A Essência de Tudo: A Natureza e a Personalidade de Deus

Por Peter Amsterdam

Setembro 13, 2011

A Santidade de Deus

(Para uma introdução e uma explicação sobre esta série, por favor, consulte A Essência de Tudo: Introdução.)

Deus possui um modo de ser diferente dos de todos os outros seres. Só Ele é infinito e não criado. Os demais, são finitos e criados.[1] Por conseguinte Ele é diferente de todas as coisas criadas. É o que se chama na teologia de transcendência de Deus, o que significa que Ele existe à parte do universo material e não está sujeito às limitações deste. Transcendência quer dizer que o Seu ser é de melhor qualidade que o nosso, que é o que se espera de um criador, em relação à Sua criação.[2] O termo bíblico para essa diferença —a "alteridade" de Deus— é santo.
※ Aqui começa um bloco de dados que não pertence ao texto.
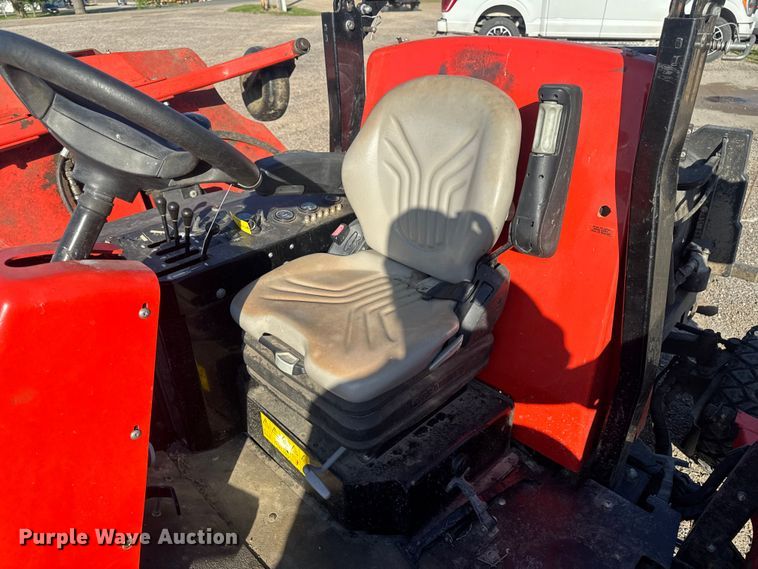 image for item ER0471 Jacobsen R-3117 lawn mower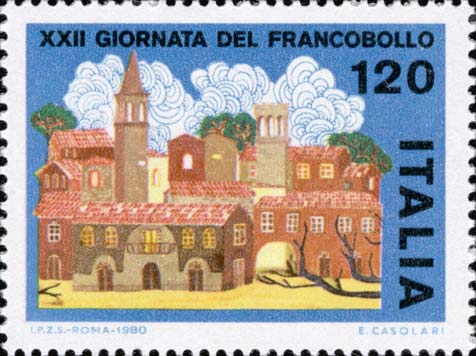 22ª giornata del francobollo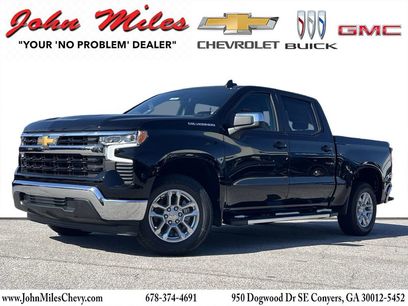 New 2026 Chevrolet Silverado 1500 LT
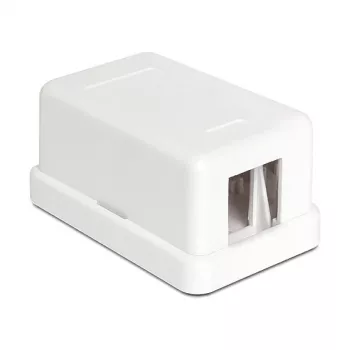 Montavimo rinkinys DeLOCK 86226 baltas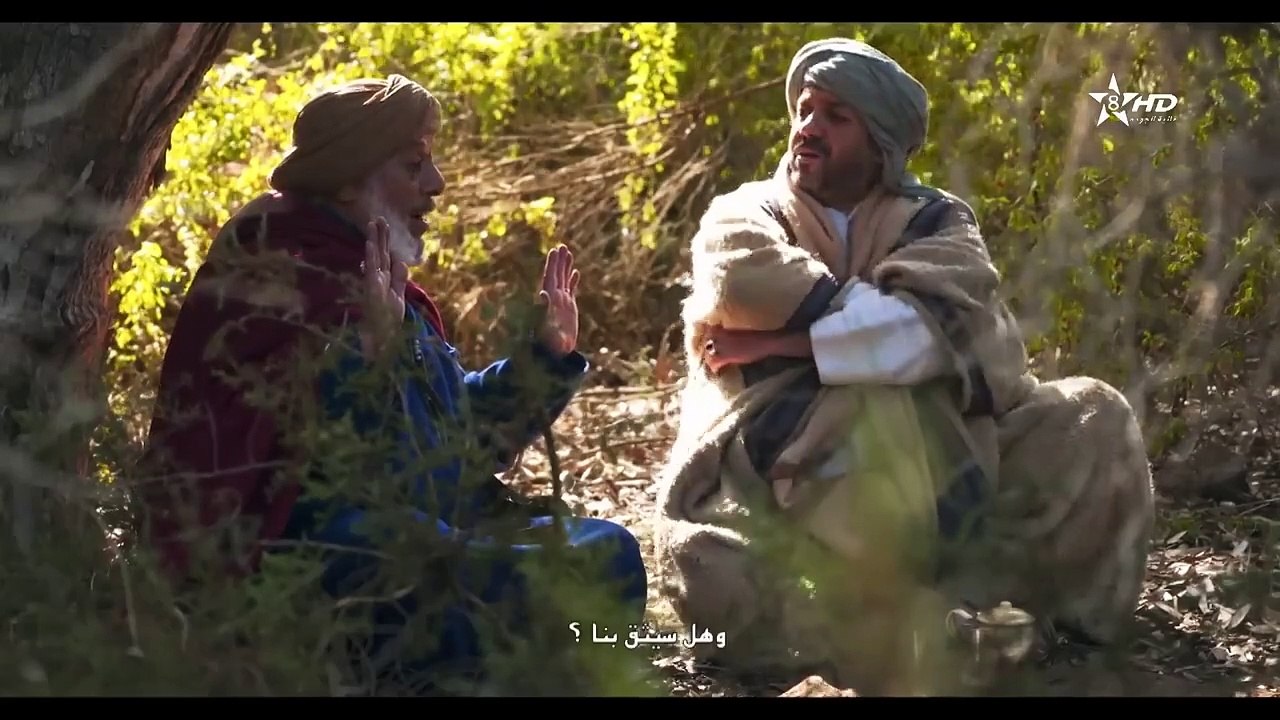 ILLIS N WOUCHEN - ÉPISODE 18 _ ⵉⵍⵍⵉⵙ ⵏ ⵡⵓⵛⵛⵏ (ⵜⴰⵅⵔⵙⵜ 18) _ إيلّيس ن وُوشّن - الحلقة 18
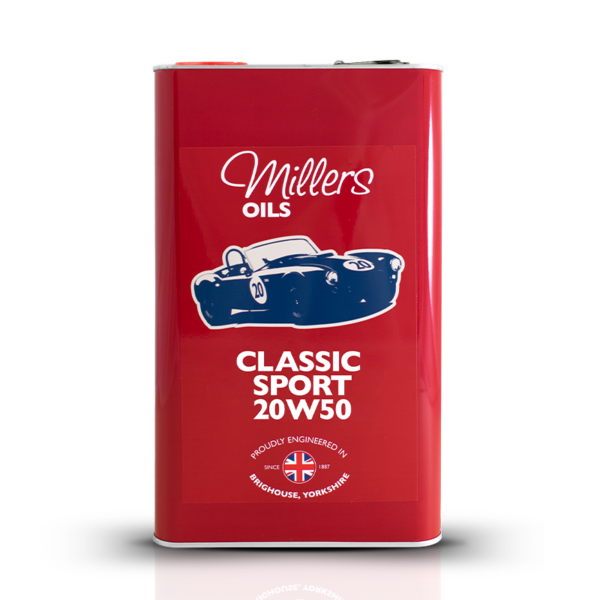 Millers Classic Sport 20W-50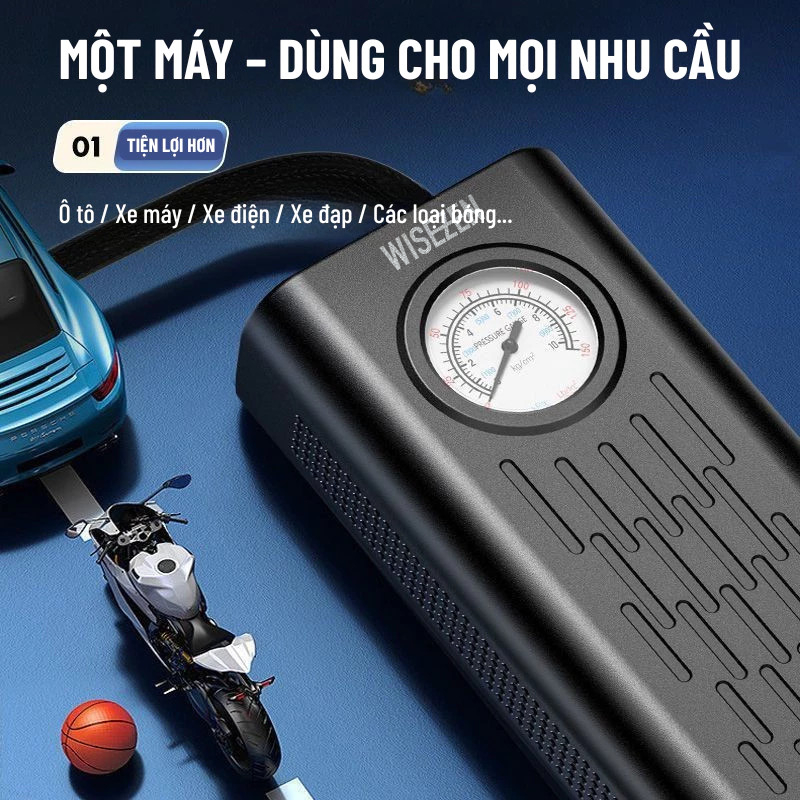 Thiết kế của Chiếc Máy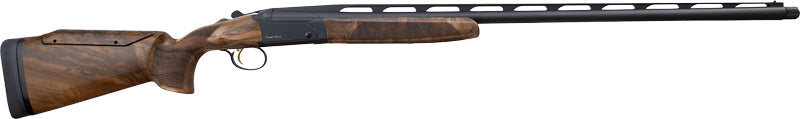 Akkar 206 Target Force 12 Gauge 32" Single Trap Walnut Shotgun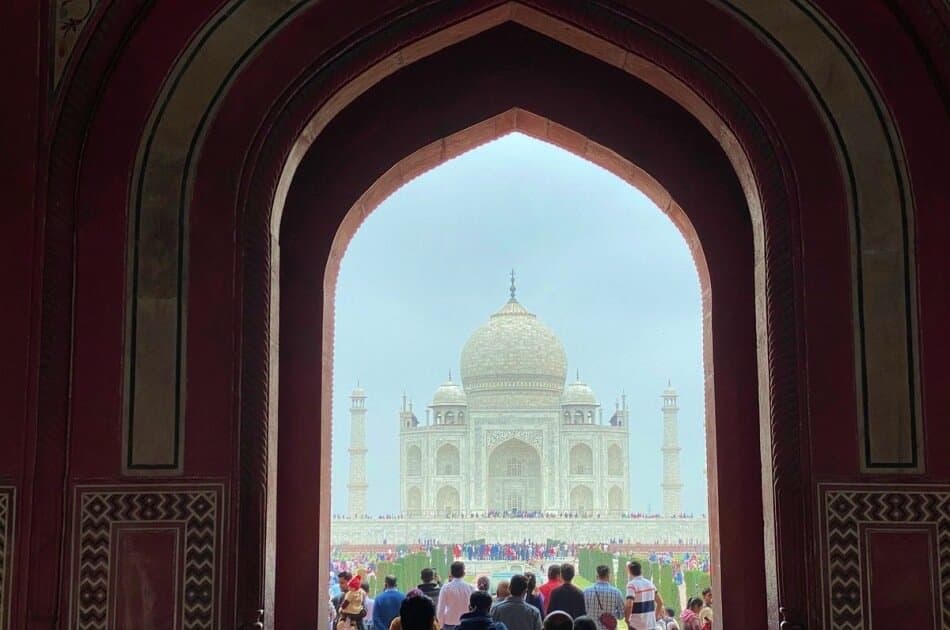 From Delhi: Taj Mahal and Agra Full-Day Tour by Fast Train - Photo 14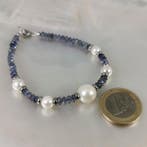 Zonder minimumprijs - Armband Zilver Parel - Parel -, Nieuw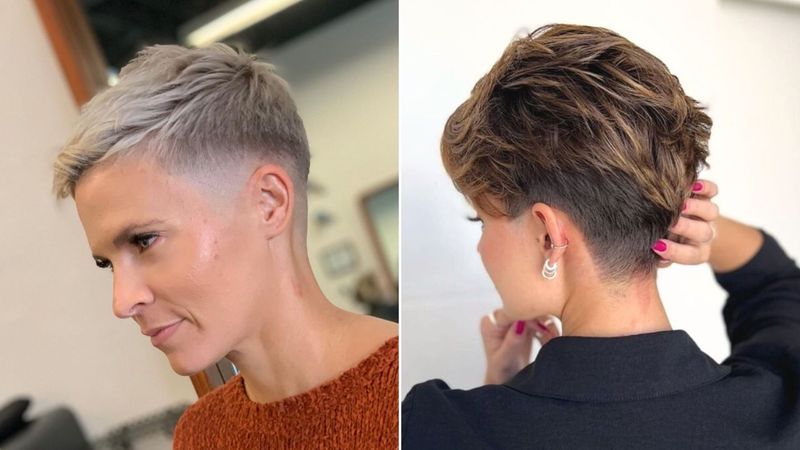 The Art of Tapered Fades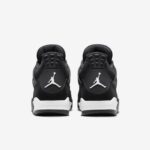 air jordan 4 metallic orange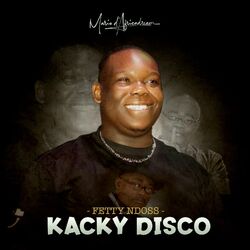 Cover of Kacky disco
O Significado da Santidade

A palavra hebraica Qodesh (pronunciado kah desh), que é traduzida como "santo" e todas as palavras da mesma família linguística, como qadas e qados, sugerem separação, santidade, apartação, pureza. Dizer que Deus é santo quer dizer que Ele é separado, distinto e "totalmente outro" em relação a todo o resto.

A santidade de Deus, em relação ao Seu ser essencial representa tudo em Deus que O torna diferente e maior do que nós. Ela representa a divindade de Deus. A santidade de Deus é a diferença essencial entre Ele e o homem. Somente Deus é Deus, não há ninguém como Ele. É sagrado. Deus é o Criador; o homem, a criatura. É superior ao homem em todos os sentidos. É divino. Como um autor diz: "a santidade é a Divindade de Deus".[3]

A santidade é também vista como um atributo moral de Deus. Do ponto de vista moral, Deus é perfeito, o que também o distingue completamente do homem, que é pecador. A exemplo de vários dos outros Seus atributos, a santidade, apesar de O separar essencial e moralmente da humanidade, é uma qualidade da qual podemos partilhar em um pequeno grau. Qualquer santidade que podemos ter, tanto em função de sermos separados por Deus e consagrados a Ele, ou no nosso comportamento moral, é apenas uma pálida sombra da santidade de Deus, infinitamente superior à nossa. A diferença é que enquanto podemos realizar atos santos, Deus é Santidade.

Porque Eu sou Deus, e não homem, o Santo no meio de ti.[4]

Quem não Te temerá, ó Senhor, e não glorificará o Teu nome? Pois só Tu és santo.[5]

A santidade de Deus denota Sua majestade suprema, Sua grandiosidade, que Ele é extremamente exaltado sobre todas as criaturas.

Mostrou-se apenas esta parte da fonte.